Inputs Passed: Inputs

1
Can You elaborate a little bit on what's the expected behaviour for the described data?Dominik Wosiński
I will the check the datatype of the attributes. Like if the value for premium comes as string, i will send it to a separate stream which will be used by another downstream code and will be inserted into some NoSql dB.user17775951
Its like checking for good records and bad records. If the incoming data has the expected type of attributes data (for eg: Long/Int for Premium then consider it as good record) ,then send it to some table.user17775951
Is there a reason why You don't do this as part of JSON parsing ?Dominik Wosiński
I used Jackson's JsonNode and ObjectMapper for getting the attributes values. So, you mean while fetching these attributes, I should perform a check there itself for data types ? I am new to Flink so wanted to do it the Flink way that's why I thought of TypeInformationuser17775951

1 Answers

0
votes

I don't really think that using TypeInformation to do what You want is best idea. You can simply use something like ProcessFunction that will accept a JSON String and then use the ObjectMapper to deserialize JSON to class with the expected structure. You can output the correctly deserialized objects from the ProcessFunction and the Strings that failed deserialization can be apassed as side output since they will be Your Bad Records.

This could look like below, note that this uses Jackson scala to perform deserialization to case class. You can find more info here

case class Premium(policyName: String, premium: Long, eventTime: String)

class Splitter extends ProcessFunction[String, Premium] {
  val outputTag = new OutputTag[String]("failed")

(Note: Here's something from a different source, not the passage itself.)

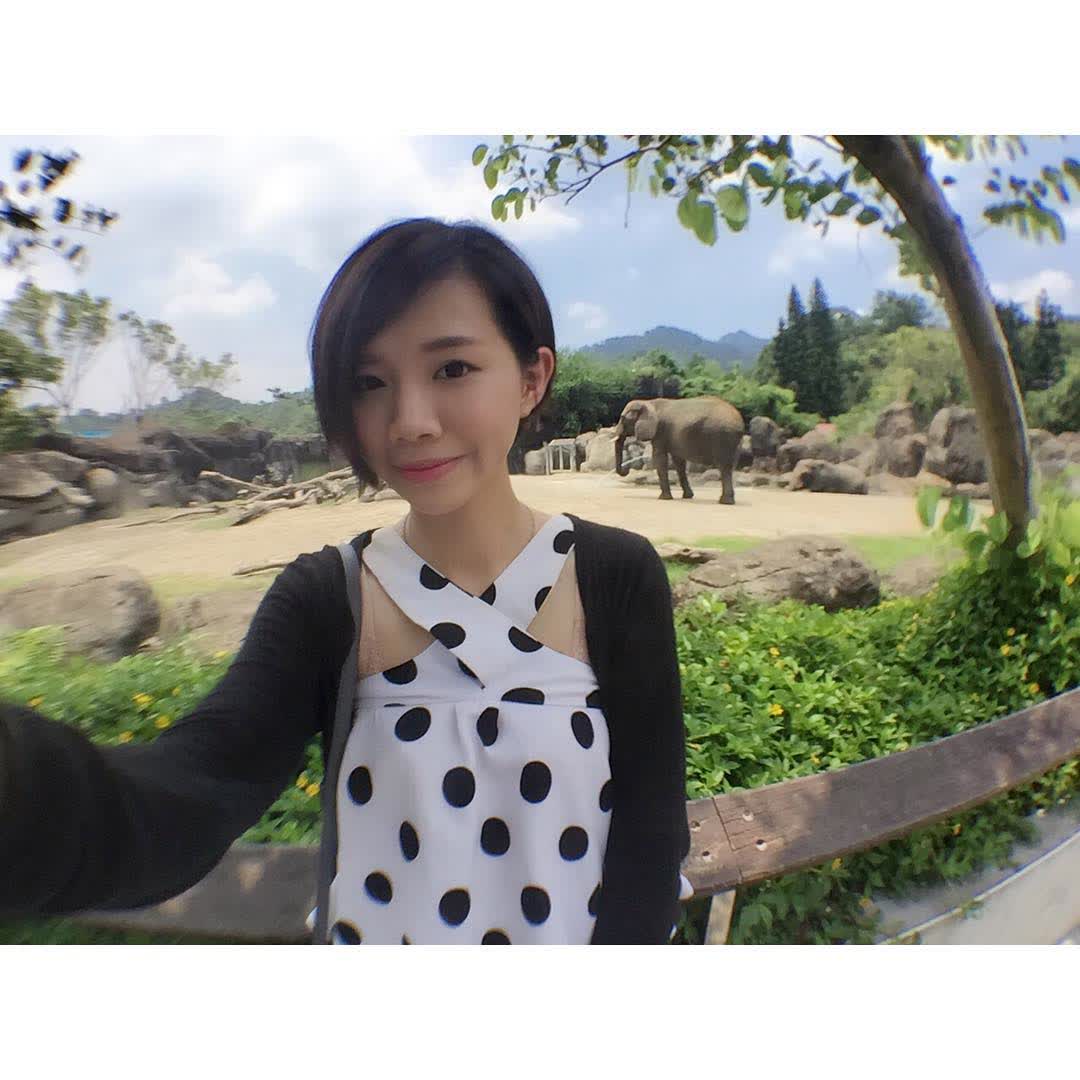 臺北市立動物園 | 去趣 chicTrip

  def fromJson[T](json: String)(implicit m: Manifest[T]): Either[String, T] = {
    Try {
      lazy val mapper = new ObjectMapper() with ScalaObjectMapper
      mapper.registerModule(DefaultScalaModule)
      mapper.configure(DeserializationFeature.FAIL_ON_UNKNOWN_PROPERTIES, false)
      mapper.readValue[T](json)
    } match {
      case Success(x) => Right(x)
      case Failure(err) => {
        Left(json)
      }
    }
  }
  override def processElement(i: String, context: ProcessFunction[String, Premium]#Context, collector: Collector[Premium]): Unit = {
    fromJson(i) match {
      case Right(data) => collector.collect(data)
      case Left(json) => context.output(outputTag, json)
    }
  }
}

Then You can use the outputTag to get the side output data from the stream to get incorrect records.